Data shown:
┄┄┄┄┄┄┄┄┄┄
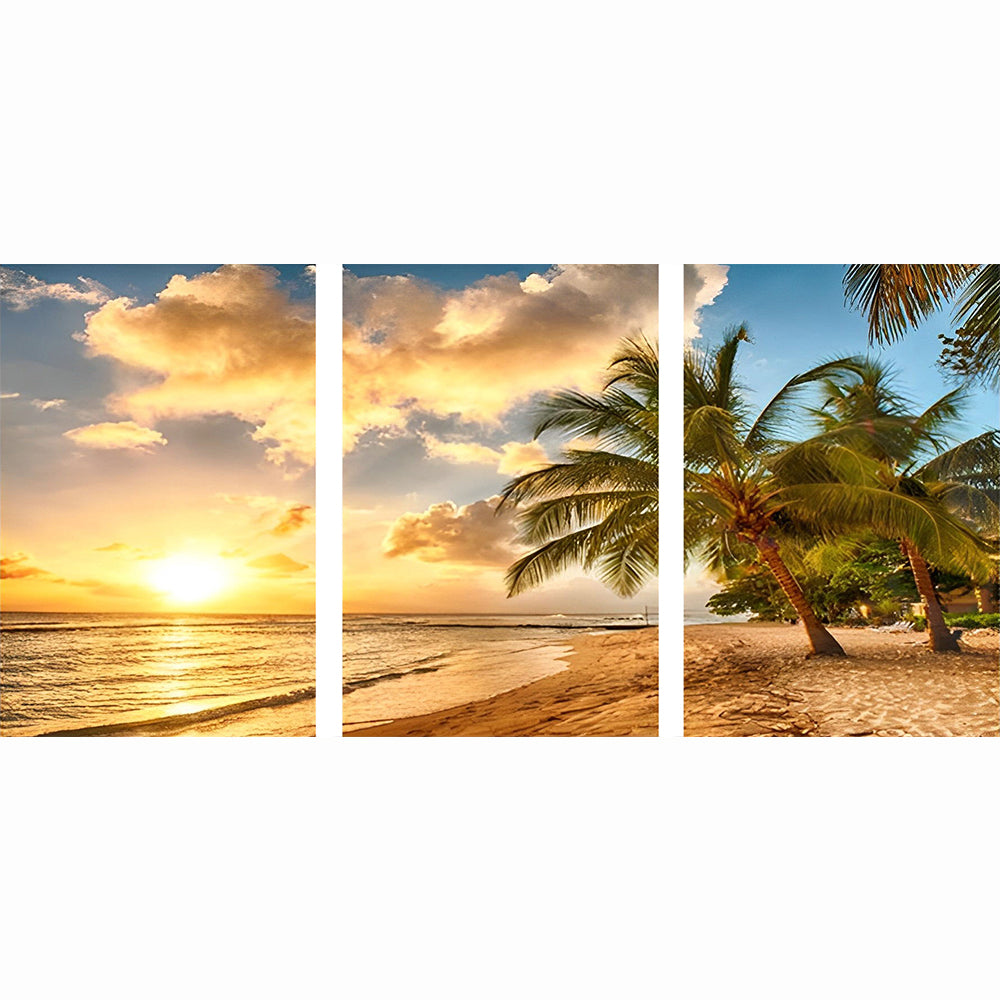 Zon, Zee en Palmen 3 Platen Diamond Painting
┄┄┄┄┄┄┄┄┄┄
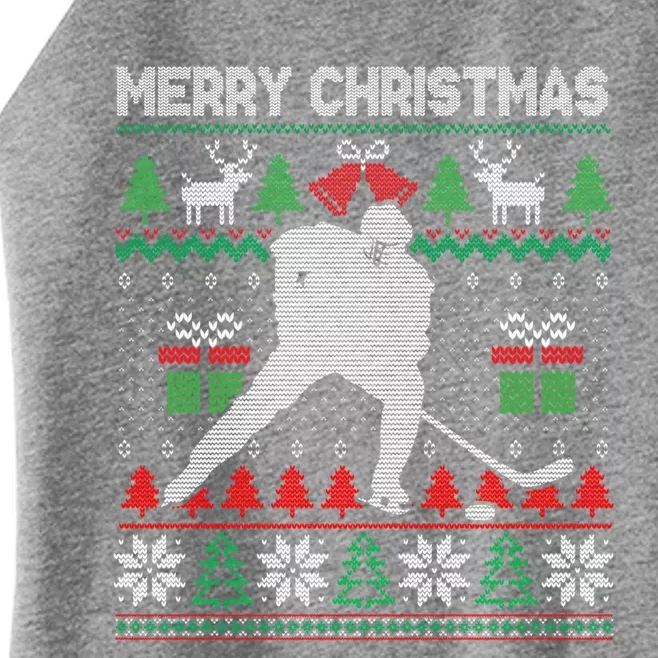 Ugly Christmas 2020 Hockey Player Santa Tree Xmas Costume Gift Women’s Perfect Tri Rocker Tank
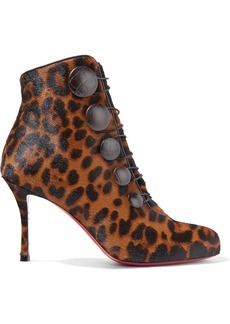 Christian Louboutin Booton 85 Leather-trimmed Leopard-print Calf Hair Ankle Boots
┄┄┄┄┄┄┄┄┄┄
Activity: Among the entries above, locate the line with "Ugly Christmas 2020" and the line with "Christian Louboutin Booton". Give those two lines and all lines between them again, exactly, leaving out the pictures.

Exercise result:
 Ugly Christmas 2020 Hockey Player Santa Tree Xmas Costume Gift Women’s Perfect Tri Rocker Tank
 Christian Louboutin Booton 85 Leather-trimmed Leopard-print Calf Hair Ankle Boots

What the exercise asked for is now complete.